A big question with moving from one place to another is how the cost of living changes. In the States, you have shows that go around the country, showing you how much house say, $200,000 will buy. A mansion in Arkansas costs the same as a tiny apartment in Manhattan. The units of money are the same, but their value is quite different. Prices of cars and such have gotten much more unified since corporations have gone national and since the Internet allows people to compare prices and demand the lowest price they can find.
So when moving to another nation, especially when moving from the U.S.A. to the “2/3 World” (a more accurate description than the old phrase “3rd world” nations), the value of money is a big question mark. Having been here for just about 2 months (we celebrate the 5th of each month as an anniversary!) we are just getting used to the currency, called Ringgit Malaysia, or RM, or ringgits. The conversion amount – 3 RM to $1 U.S. – has stayed pretty steady. At first, we calculated everything into dollars. A large pizza is about 24 RM – $8 U.S. – which we thought was a steal, though it was really a medium size pizza, which could really cost $8. A bag of Goldfish crackers is 9 RM ($3 – same as U.S.). A smartphone costs about 600 RM ($200 –same as U.S.). A monthly phone/data plan costs about 80 RM per phone (that’s a steal at $27). A new small car is about 50,000 RM ($17,000 – same as U.S.) And you can fill its tank with petrol for 75 RM – $25 – which is close to the $35 my Hyundai cost in the States.

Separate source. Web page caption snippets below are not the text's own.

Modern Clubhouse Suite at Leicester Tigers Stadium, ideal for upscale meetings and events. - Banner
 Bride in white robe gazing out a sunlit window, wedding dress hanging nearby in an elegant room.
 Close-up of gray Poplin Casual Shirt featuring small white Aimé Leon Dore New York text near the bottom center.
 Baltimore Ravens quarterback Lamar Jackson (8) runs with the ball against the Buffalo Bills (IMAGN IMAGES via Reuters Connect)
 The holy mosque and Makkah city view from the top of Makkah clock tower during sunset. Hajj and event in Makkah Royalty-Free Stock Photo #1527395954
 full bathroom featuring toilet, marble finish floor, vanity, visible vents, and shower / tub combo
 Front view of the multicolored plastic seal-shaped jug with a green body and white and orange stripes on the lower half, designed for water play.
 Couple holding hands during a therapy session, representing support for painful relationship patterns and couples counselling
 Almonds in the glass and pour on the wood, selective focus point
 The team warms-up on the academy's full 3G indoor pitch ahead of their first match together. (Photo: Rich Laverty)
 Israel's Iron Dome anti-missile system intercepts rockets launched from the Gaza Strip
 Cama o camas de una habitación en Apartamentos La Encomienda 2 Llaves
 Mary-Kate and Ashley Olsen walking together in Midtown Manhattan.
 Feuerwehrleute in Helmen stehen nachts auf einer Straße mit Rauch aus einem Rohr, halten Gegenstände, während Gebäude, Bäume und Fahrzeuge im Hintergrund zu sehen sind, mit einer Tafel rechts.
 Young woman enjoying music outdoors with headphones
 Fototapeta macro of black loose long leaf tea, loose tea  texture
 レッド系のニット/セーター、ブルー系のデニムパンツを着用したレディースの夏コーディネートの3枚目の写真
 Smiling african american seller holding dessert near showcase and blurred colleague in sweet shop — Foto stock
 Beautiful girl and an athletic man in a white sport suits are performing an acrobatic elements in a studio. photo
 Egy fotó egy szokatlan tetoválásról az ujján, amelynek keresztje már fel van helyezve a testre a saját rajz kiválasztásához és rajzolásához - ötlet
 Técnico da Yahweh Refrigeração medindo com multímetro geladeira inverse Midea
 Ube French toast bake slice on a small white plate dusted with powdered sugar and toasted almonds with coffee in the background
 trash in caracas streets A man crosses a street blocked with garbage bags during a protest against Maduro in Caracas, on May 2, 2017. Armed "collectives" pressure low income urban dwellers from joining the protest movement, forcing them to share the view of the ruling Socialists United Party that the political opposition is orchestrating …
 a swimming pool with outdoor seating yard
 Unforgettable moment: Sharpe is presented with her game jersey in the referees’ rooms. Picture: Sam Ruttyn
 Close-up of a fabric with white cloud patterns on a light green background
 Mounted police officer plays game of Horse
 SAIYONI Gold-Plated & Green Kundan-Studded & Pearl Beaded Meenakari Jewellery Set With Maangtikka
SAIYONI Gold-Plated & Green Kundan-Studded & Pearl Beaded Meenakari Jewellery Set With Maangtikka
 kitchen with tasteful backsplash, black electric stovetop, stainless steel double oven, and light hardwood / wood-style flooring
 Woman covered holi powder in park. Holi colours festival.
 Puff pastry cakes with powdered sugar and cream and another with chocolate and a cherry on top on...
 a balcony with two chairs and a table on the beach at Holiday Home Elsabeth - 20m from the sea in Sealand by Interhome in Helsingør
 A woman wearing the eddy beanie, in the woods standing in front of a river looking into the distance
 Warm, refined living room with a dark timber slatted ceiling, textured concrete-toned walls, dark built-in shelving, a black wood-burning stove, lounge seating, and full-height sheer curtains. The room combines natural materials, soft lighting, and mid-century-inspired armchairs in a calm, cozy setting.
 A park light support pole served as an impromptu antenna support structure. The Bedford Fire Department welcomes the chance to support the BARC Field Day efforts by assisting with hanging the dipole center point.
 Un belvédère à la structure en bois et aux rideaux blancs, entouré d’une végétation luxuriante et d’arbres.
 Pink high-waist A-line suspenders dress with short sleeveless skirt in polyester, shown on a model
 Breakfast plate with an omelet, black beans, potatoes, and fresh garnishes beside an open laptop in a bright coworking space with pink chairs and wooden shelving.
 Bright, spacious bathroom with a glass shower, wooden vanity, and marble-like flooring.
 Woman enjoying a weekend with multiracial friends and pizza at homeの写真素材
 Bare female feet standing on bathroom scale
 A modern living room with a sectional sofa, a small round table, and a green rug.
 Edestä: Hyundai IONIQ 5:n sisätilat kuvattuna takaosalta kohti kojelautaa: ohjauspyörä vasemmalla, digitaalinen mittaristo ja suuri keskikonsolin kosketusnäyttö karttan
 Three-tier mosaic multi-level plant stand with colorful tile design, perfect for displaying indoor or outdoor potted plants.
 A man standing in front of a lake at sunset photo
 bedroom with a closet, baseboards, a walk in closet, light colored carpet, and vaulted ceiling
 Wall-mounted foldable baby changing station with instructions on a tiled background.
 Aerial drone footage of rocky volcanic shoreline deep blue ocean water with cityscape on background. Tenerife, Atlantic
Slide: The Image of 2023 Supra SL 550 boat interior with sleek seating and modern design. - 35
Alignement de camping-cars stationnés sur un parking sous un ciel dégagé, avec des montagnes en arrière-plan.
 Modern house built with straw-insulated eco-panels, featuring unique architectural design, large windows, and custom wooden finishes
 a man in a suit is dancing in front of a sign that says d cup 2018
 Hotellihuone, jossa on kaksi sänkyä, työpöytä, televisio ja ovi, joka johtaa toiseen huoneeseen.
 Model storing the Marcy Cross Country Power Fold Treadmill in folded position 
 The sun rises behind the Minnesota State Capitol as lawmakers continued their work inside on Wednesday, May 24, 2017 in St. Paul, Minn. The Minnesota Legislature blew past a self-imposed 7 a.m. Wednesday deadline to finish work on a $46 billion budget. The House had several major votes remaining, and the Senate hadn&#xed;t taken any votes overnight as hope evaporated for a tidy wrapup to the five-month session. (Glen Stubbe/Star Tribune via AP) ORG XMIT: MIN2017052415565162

So many things translate equally – you’ll pay the same for a bag of Goldfish whether you’re using $3 US or 9 RM. But then we started doing things that were local, rather than national (car companies) or international (Goldfish and pizza). Sure, you can get a pizza for 24 RM, but you can also go out for curry or fried rice at a restaurant for 6 RM per person – a full meal for 4 instead of one medium pizza for the same 24 RM! And you can get a huge bunch of fingerling bananas for 2 RM – $.66 for a week’s worth. Pretty soon we found that when buying local, calculating into US dollars is harder – and we began to think in terms of RM. A grocery run costs us about 100 RM, and we don’t think of how many dollars that is. Why bother? We live in a place where what matters are the ringgits.
What was stunning for us was realizing that when we think in RM – understanding that RM basically equal US dollars on non-Western purchases – we make far more than we ever have. Because for every RM that passes through our hands, we make 3 RM. Does that make sense? We are paid in US dollars, which are worth 3 ringgit. So it’s like we make three times what the cost of living is here. What that means is that we have enough to live on, enough to give away, enough to start savings. But we don’t have enough to do all three of those if we want to live on Western food, or to travel constantly, or to live like tourists. And that is WONDERFUL, because we aren’t tourists. We don’t want to live differently from our peers here. We want to learn and be blessed by being changed.
Today I’m learning to make our own tortillas. They cost 15 RM for an 8-pack, and it’s so much more fun to have a friend teach me and then to be able to cook them ourselves. The resources we have at hand are amazing, and we are constantly learning gratitude, often especially so when we are confronted with not being able to do things the way we used to. We’ve heard that at the 6-month mark we will hit a wall with wanting to do new things, but for now, we are wide-eyed and living a grand adventure – one where you can get a fresh warm red-bean bun for 1 ringgit. Cheers to that!